Identification of Basogranulin (BB1) as a Novel Immunohistochemical Marker of Basophils in Normal Bone Marrow and Patients With Myeloproliferative Disorders

Department of Internal Medicine I, Division of Hematology and Hemostaseology, Medical University of Vienna, Vienna, Austria.

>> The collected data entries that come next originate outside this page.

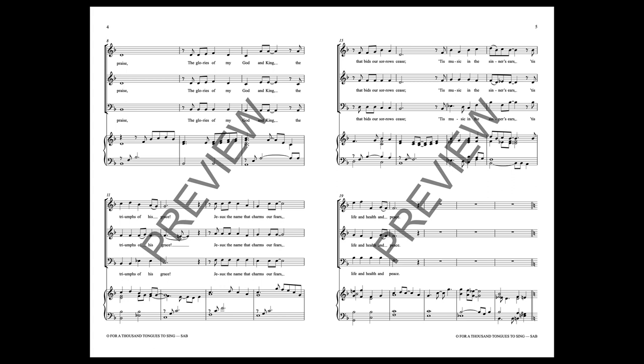Jesus, the name that charms our fears, that bids our sorrows cease, tis music in the sinner's ears, tis life and health and peace.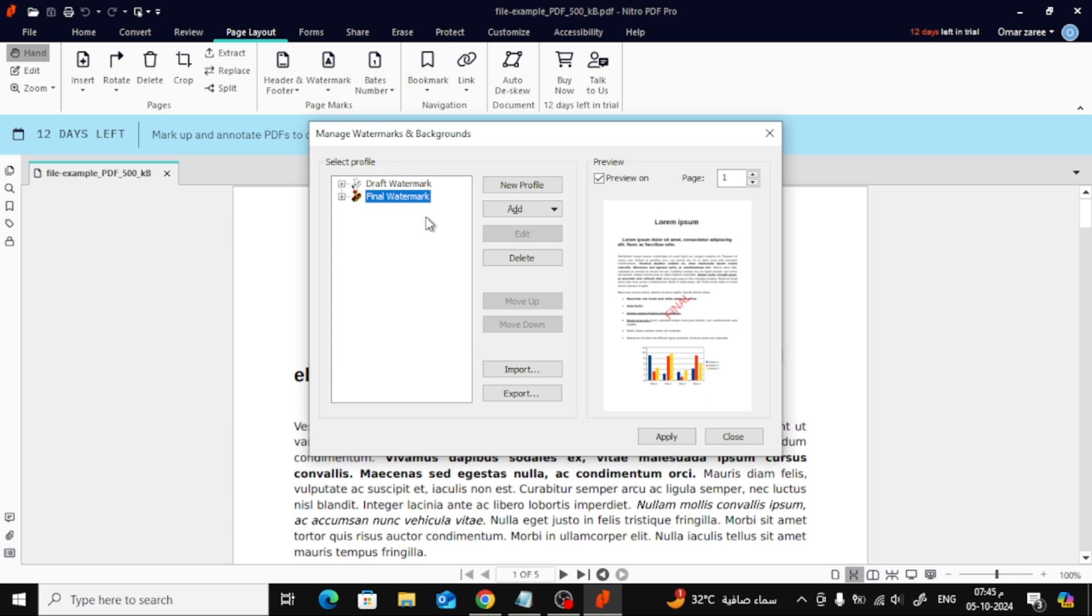In this window, click on New Profile to create your custom watermark. Name it whatever you'd like, and then click on Add.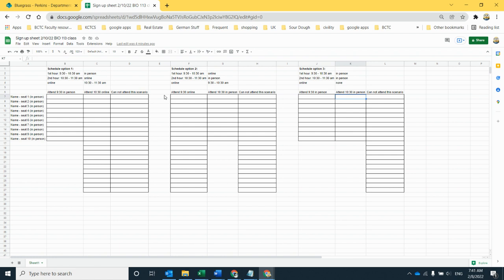My preference would be schedule option one or option two. The reason for that being it gives the option to stay online for those of you who are more comfortable online, and I would like to preserve that option for people who want to just remain online.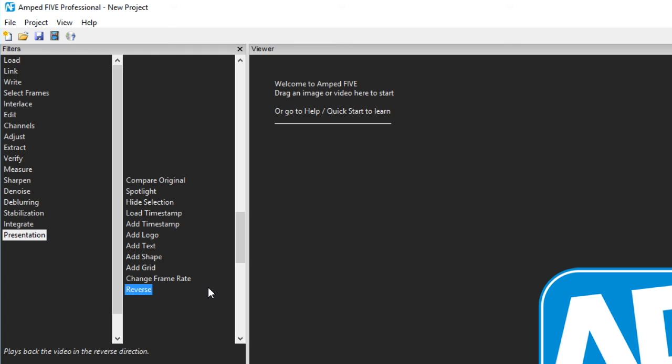Well that was a very quick run through of all the filters in the current version, that's 7620, of AMP5. I hope you found it useful.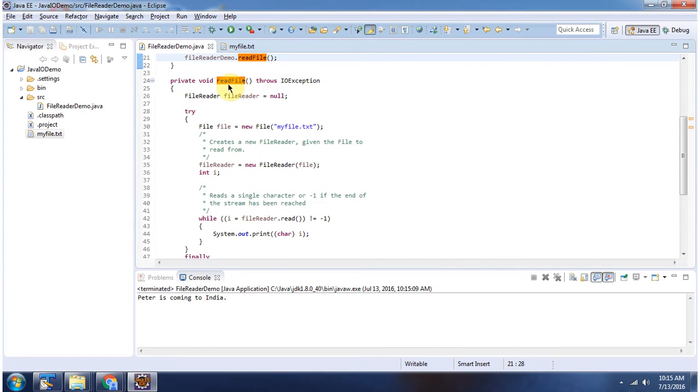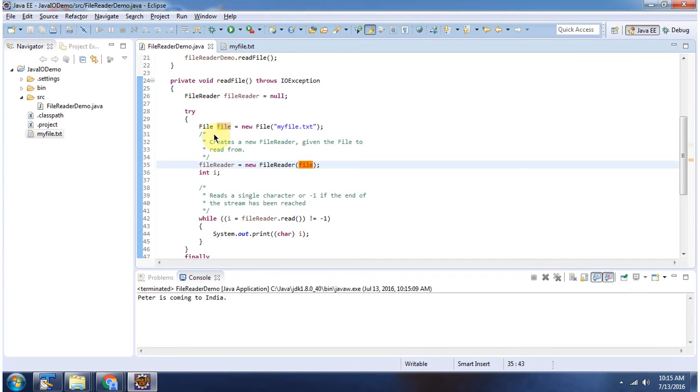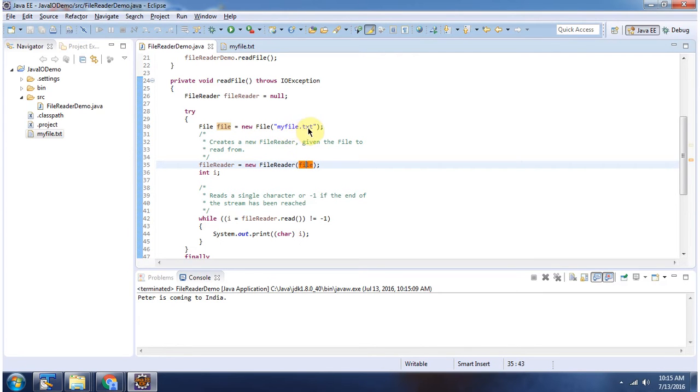Inside the readFile method I have created a fileReader object using the FileReader constructor which accepts a file object. Here I have created a file object using the File constructor which accepts a file name. The file name is myfile.txt.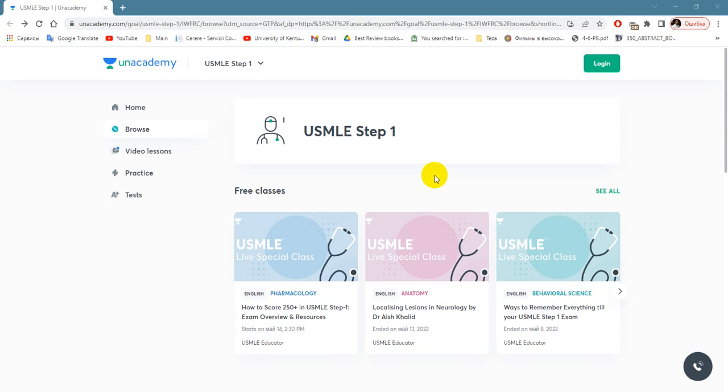Hi there, I'd like to share with you today one of the websites called Unacademy, which is India's largest learning platform, known widely. Here you can also find a section for USMLE.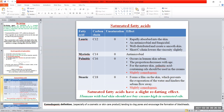We will now take examples of saturated and unsaturated fatty acids. Saturated fatty acids include lauric acid, myristic, palmitic, and stearic acid — the carbon chain length increases as we go down the list. All these acids are saturated and contain no unsaturation. Lauric acid is rapidly absorbed into the skin, which is beneficial. It has antimicrobial and fungicidal effects, is well distributed, creates smooth skin, and can soften the skin. This short carbon chain fatty acid lowers the viscosity of the produced cream.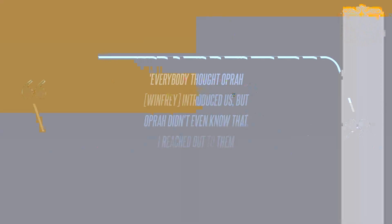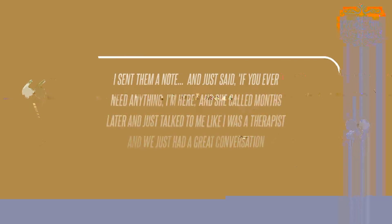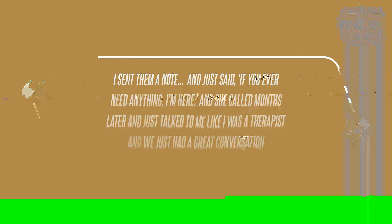Everybody thought Oprah Winfrey introduced us, but Oprah didn't even know that I reached out to them, Perry told Ripa. I sent them a note and just said, if you ever need anything, I'm here. And she called months later and just talked to me like I was a therapist and we just had a great conversation, he continued.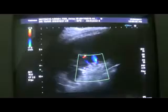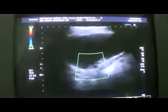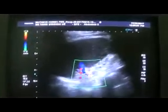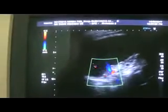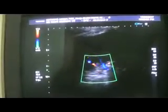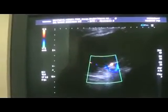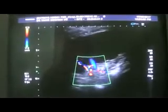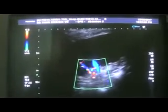Here you can see the vessels at the hilar region. The splenic vein is visible even now despite embolization. The splenic artery can also be seen, and this is the hilum of the spleen.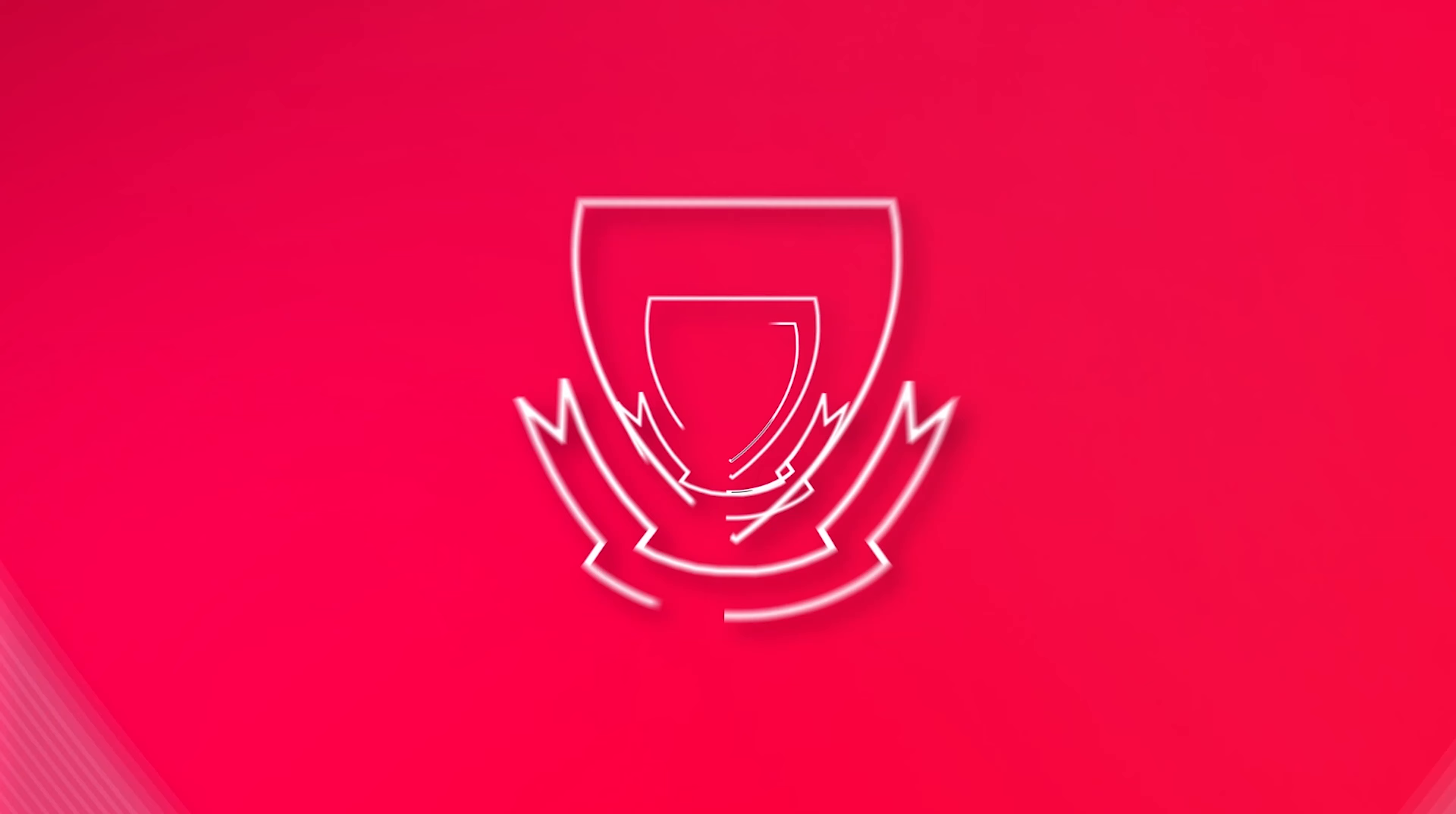We beat a lot of good sides. We beat Sydney, who were flying at the time. We matched it with some really good sides. It's just so promising for the future. We had such a young crew out there.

American Journal of Clinical Pathology (Impact Factor: 3.01). 03/2006; 125(2):273-81. DOI: 10.1309/M9FQ-MQGF-6616-7N2X
Source: PubMed

ABSTRACT In myeloproliferative disorders (MPDs), basophils typically increase in number in the bone marrow (BM) and blood. In chronic myeloid leukemia (CML), basophilia is a diagnostic and prognostic variable. However, no reliable approach for routine detection and enumeration of basophils in BM sections is available. We applied the antibasogranulin antibody BB1 on paraffin-embedded BM sections in 21 control samples (normal BM), 45 patients with CML, 9 with chronic idiopathic myelofibrosis, 11 with polycythemia vera, 19 with essential thrombocythemia, and 7 with indolent systemic mastocytosis. As assessed by immunostaining of serial BM sections, BB1+ cells coexpressed myeloperoxidase, histidine decarboxylase, and leukosialin but did not express B- or T-cell-restricted antigens. BB1+ BM cells were found to be highly elevated in patients with CML compared with normal BM or other MPDs, with maximum counts found in accelerated phase CML (median, 160 cells/mm(2)). In summary, BB1 (basogranulin) is a new immunohistochemical basophil marker that should allow quantification of basophils in CML at diagnosis and during therapy.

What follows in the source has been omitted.